そんなクロに続き、他の四天王も各々の合図を出す。その方法は様々で、指笛であったり指パッチンであったり多少の違いはあるが、どれもその合図からほとんど時間をかけず宮廷の広場にそれぞれの相棒が集結する。
「俺が今日連れてきたのは『豪虎』だ。機動力抜群で移動が楽だかンな」
ゴウの合図でやってきたのは、黄色と黒の縞模様が目立つ、なんとも勇ましい虎だ。その大きさは、リゥのヴォルフにも引けを取らない。迫力のあるその顔は、豪の文字に相応しい相貌だ。

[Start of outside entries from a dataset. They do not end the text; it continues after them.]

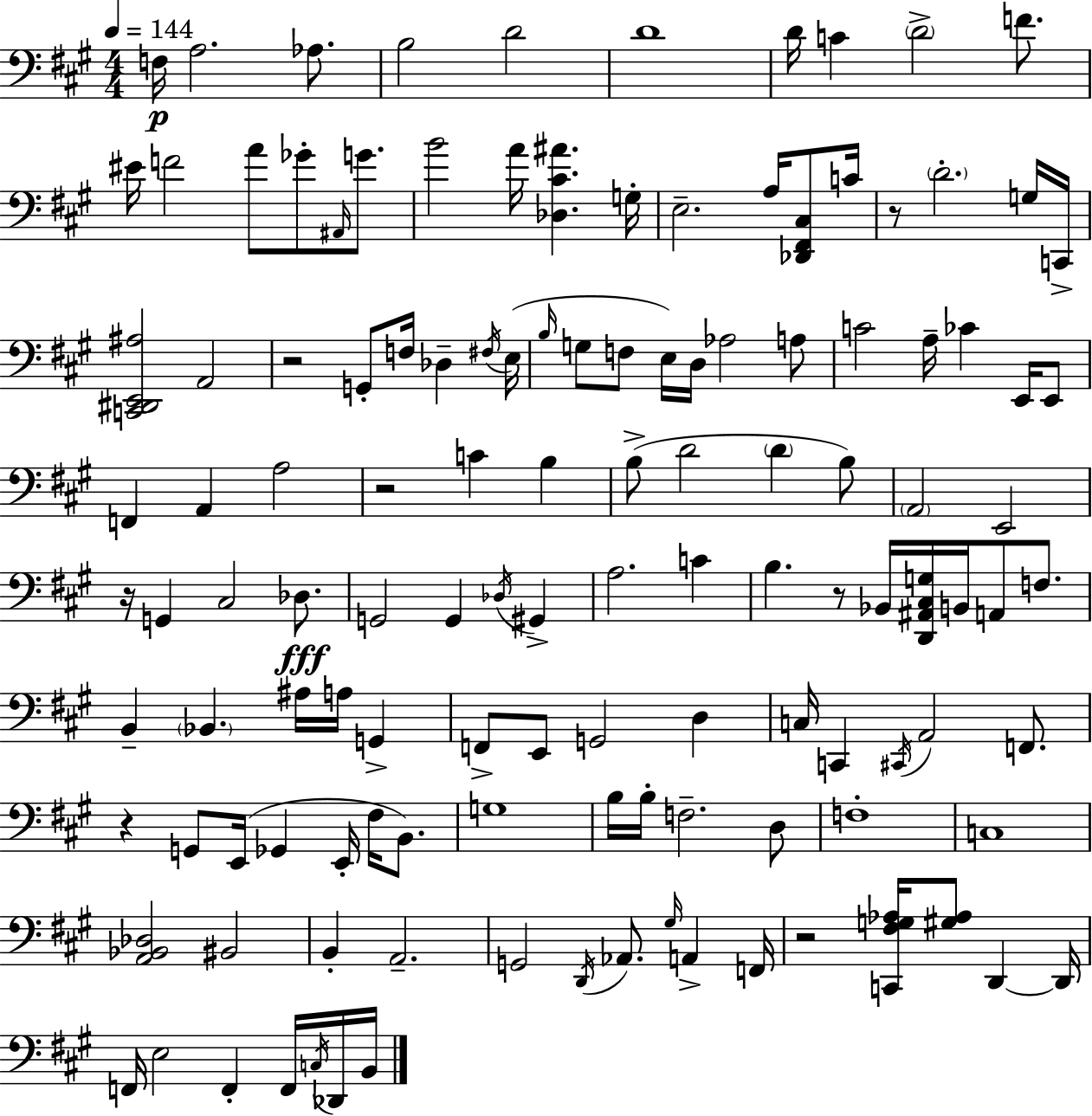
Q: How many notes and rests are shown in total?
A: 127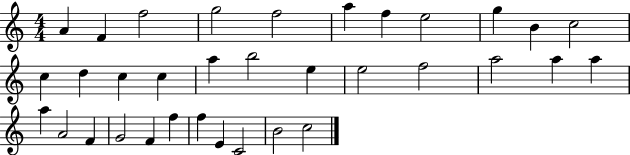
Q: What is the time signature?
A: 4/4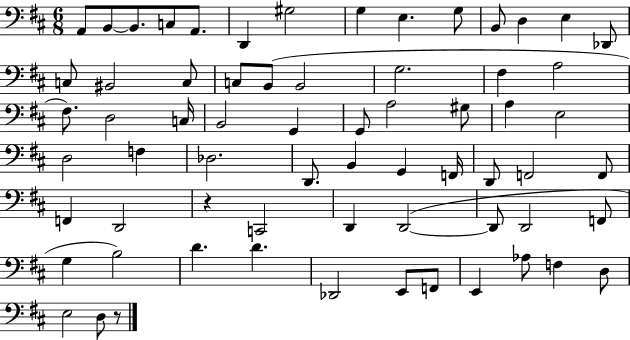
X:1
T:Untitled
M:6/8
L:1/4
K:D
A,,/2 B,,/2 B,,/2 C,/2 A,,/2 D,, ^G,2 G, E, G,/2 B,,/2 D, E, _D,,/2 C,/2 ^B,,2 C,/2 C,/2 B,,/2 B,,2 G,2 ^F, A,2 ^F,/2 D,2 C,/4 B,,2 G,, G,,/2 A,2 ^G,/2 A, E,2 D,2 F, _D,2 D,,/2 B,, G,, F,,/4 D,,/2 F,,2 F,,/2 F,, D,,2 z C,,2 D,, D,,2 D,,/2 D,,2 F,,/2 G, B,2 D D _D,,2 E,,/2 F,,/2 E,, _A,/2 F, D,/2 E,2 D,/2 z/2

「ゴウは飼っているペットの殆どに『ゴウ』って単語付けてるんだよ。それぞれ漢字は違うけどね。――因みに、僕の相棒は『シェル』だ。かなりスタイリッシュじゃないかな? 自慢の相棒なんだ」
そう言って紹介するレイの相棒は、立派な角を生やしたかなり細身の白馬だ。向こうの世界では幻とされていたユニコーンのような風貌だ。
「俺は『ゼント』だ」
そう短く紹介したのは、普段からあまり多くを語らないゲンだ。そんなゲンが手をかけるのは、羽が生えた茶色の馬。こちらもまた、幻とされていた幻獣。ペガサスと言ったところだろうか。
「んで最後が俺の相棒『ヴォルフ』だな」
「よし、それぞれの移動手段は確保出来てるみたいだし、それぞれ出発やな。ゲアノの店集合で」
そう言って、全員の相棒が一通り紹介されたところで各々相棒に乗り、目的地へ向かうリゥら六人。クロはそのまま空を飛び、ゴウは豪快に突っ切る。レイは平坦な道を選びながら走り、ゲンは飛びながら途中で地面を蹴って加速する。そしてリゥとアキラは来た時と同じように跳びながら走り、そのままバラバラに目的地を目指す。
これからは龍翔がリゥ、晟がアキラです。
ややこしくやってしまいますがすみません。